• _WHAT YOU SHOULD DO_
Once you find the line with "MAGLIA CON DETTAGLI SMAGLIATI" in the listing below, please repeat it and every later line exactly, through the last one, without pictures.

• _RECORDED INFORMATION_
BEGIN

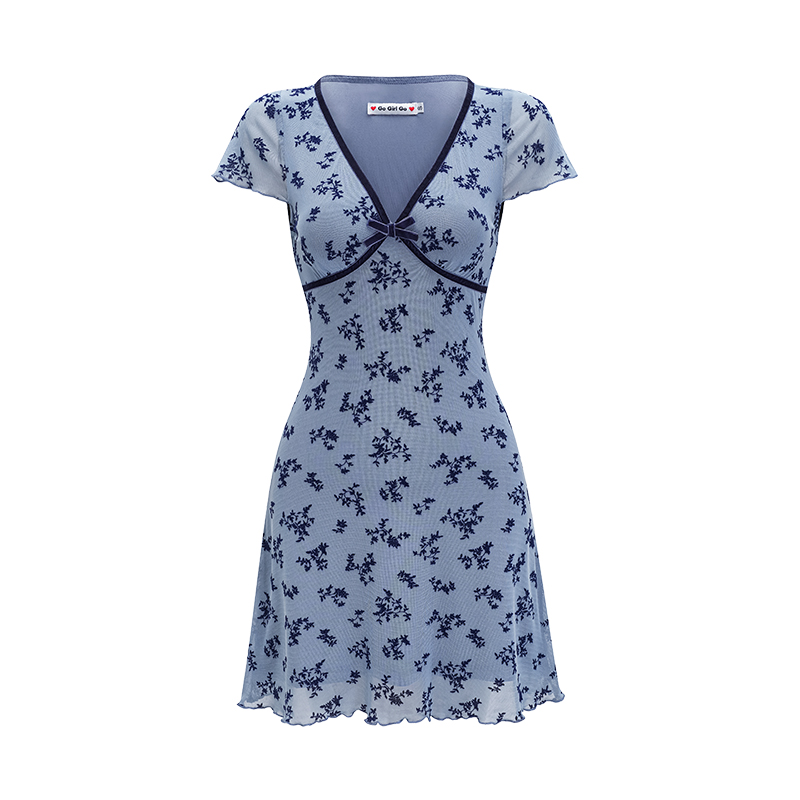 Retro Deep V Floral Dress for Women - Waist-Cinching Slim-Fit A-Line Short Skirt, European American Style, Perfect for 90s and Y2K Looks Retro Deep V Floral Dress for Women - Waist-Cinching Slim-Fit A-Line Short Skirt, European American Style, Perfect for 90s and Y2K Looks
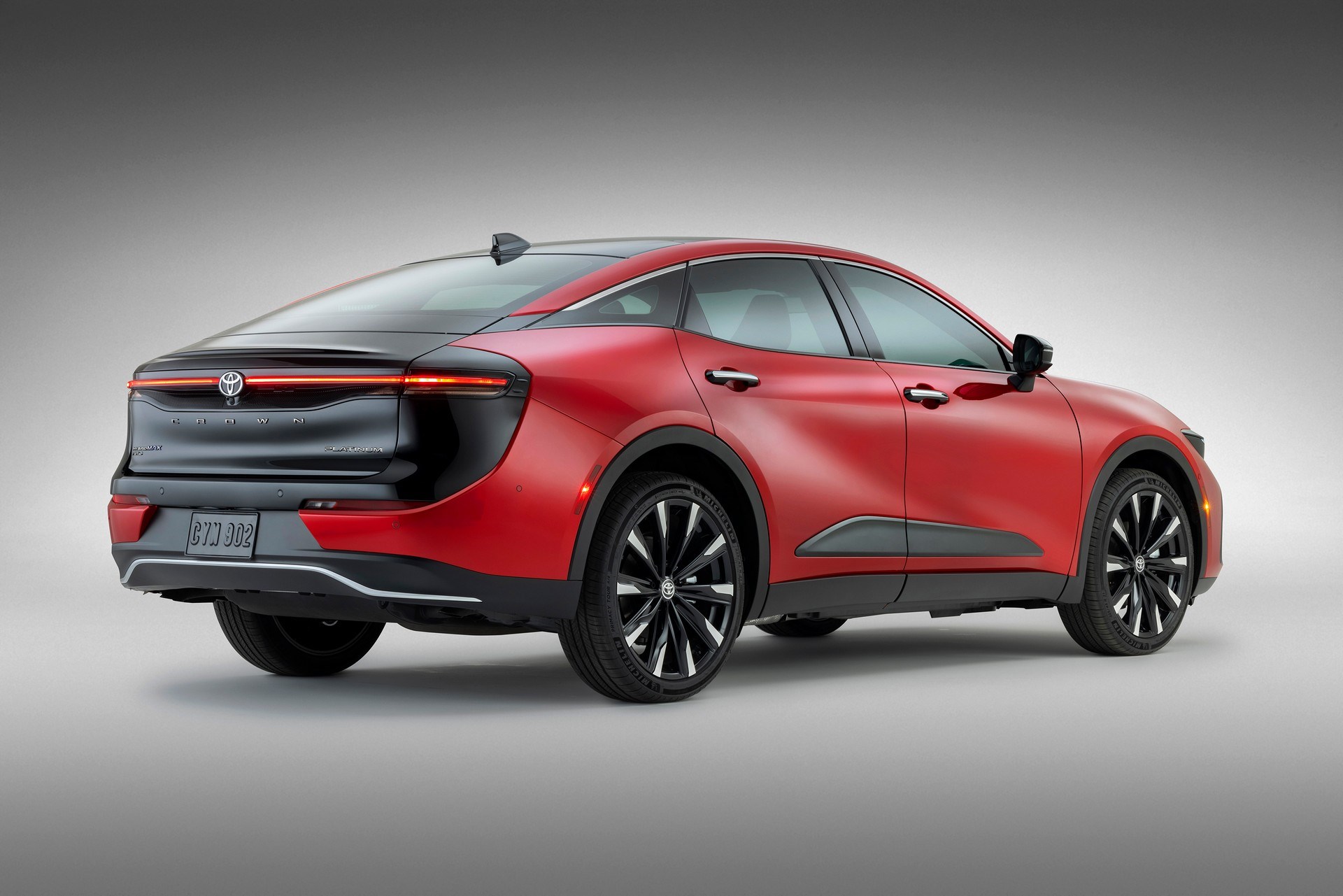 2023 Toyota Crown tanıtıldı: İşte tasarımı ve özellikleri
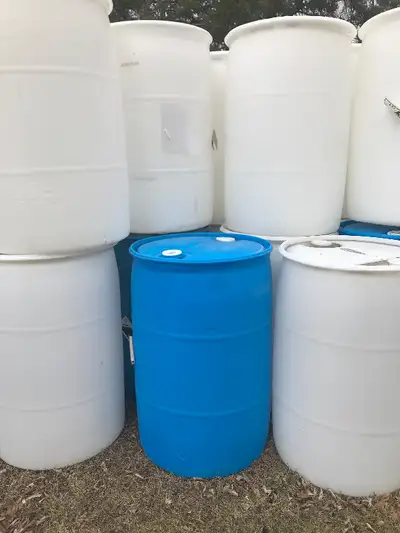 Plastic Barrels for sale. Good for holding powders and liquids. Can be used for boat docks, rain bar...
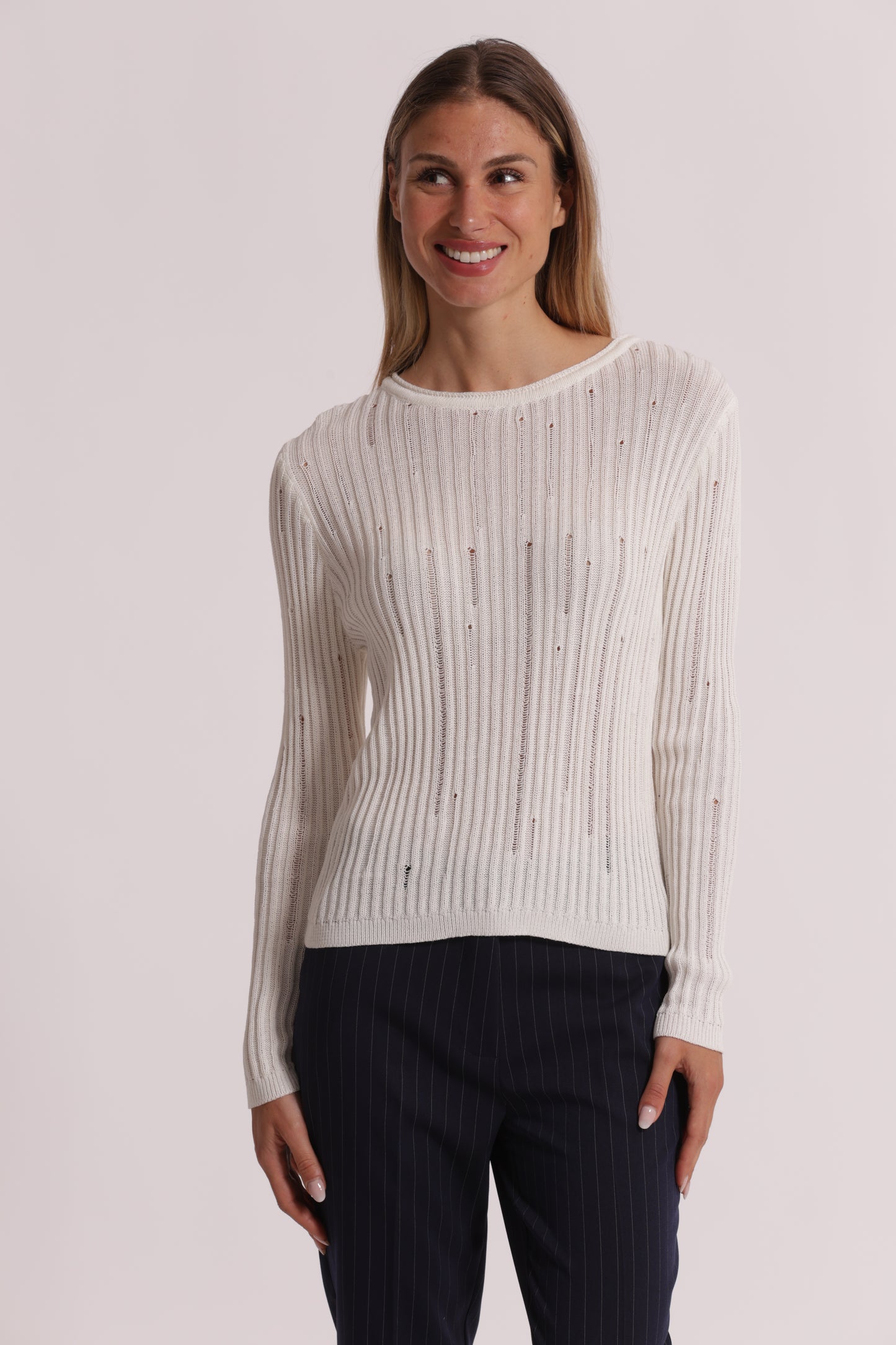 MAGLIA CON DETTAGLI SMAGLIATI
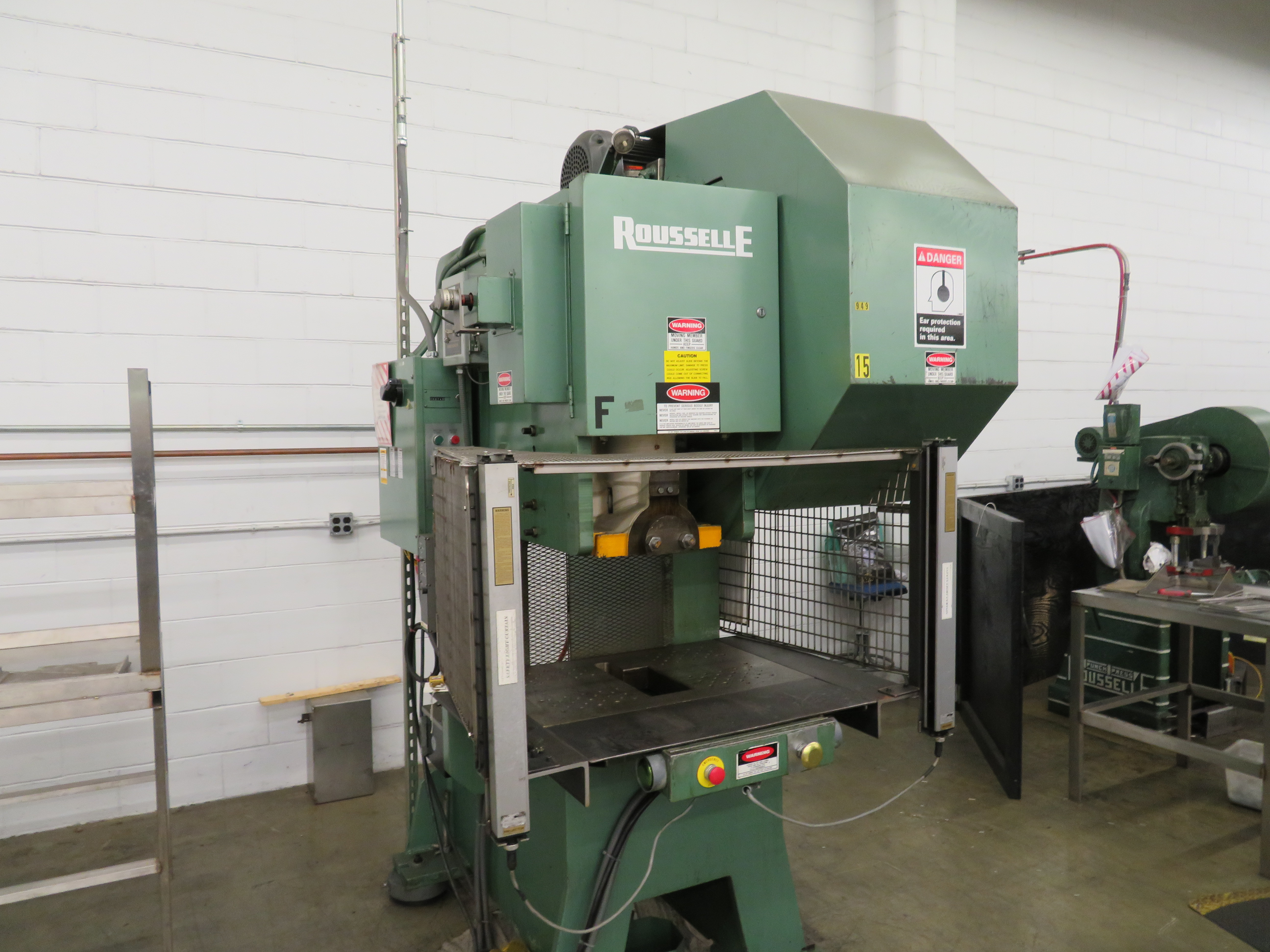 Rousselle G1-70  2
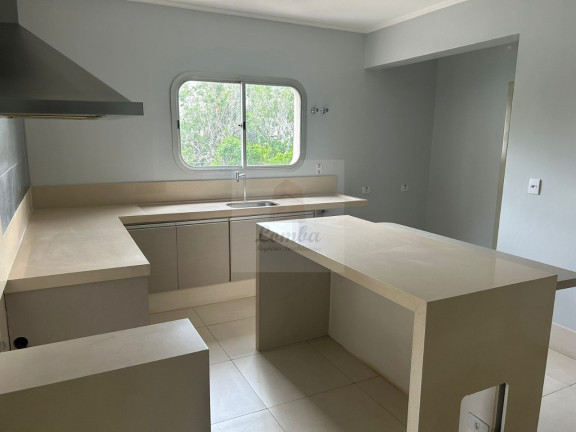 Imóvel com 4 Quartos à Venda, 235 m² em Quilombo - Cuiabá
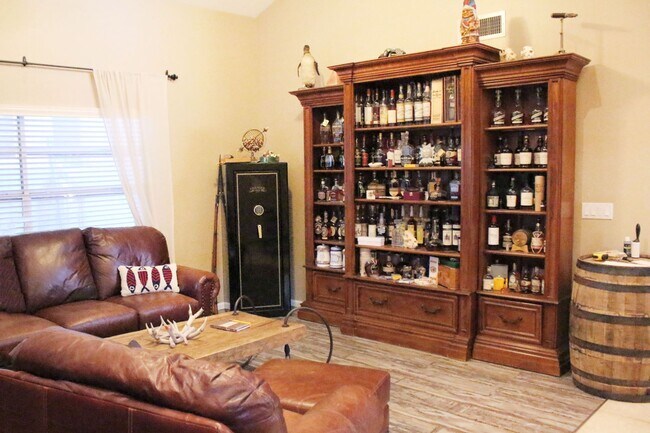 Building Photo - Mesa Gem with Pool for Rent!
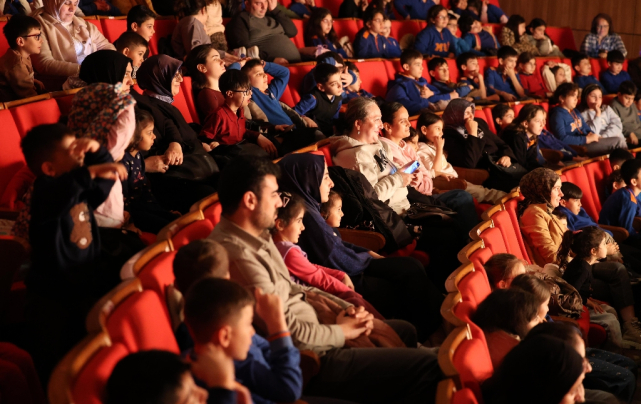 8'inci Samsun Uluslararası Tiyatro Festivali Başladı!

END

• _SOLUTION TO THE PROBLEM_
 MAGLIA CON DETTAGLI SMAGLIATI
 Rousselle G1-70  2
 Imóvel com 4 Quartos à Venda, 235 m² em Quilombo - Cuiabá
 Building Photo - Mesa Gem with Pool for Rent!
 8'inci Samsun Uluslararası Tiyatro Festivali Başladı!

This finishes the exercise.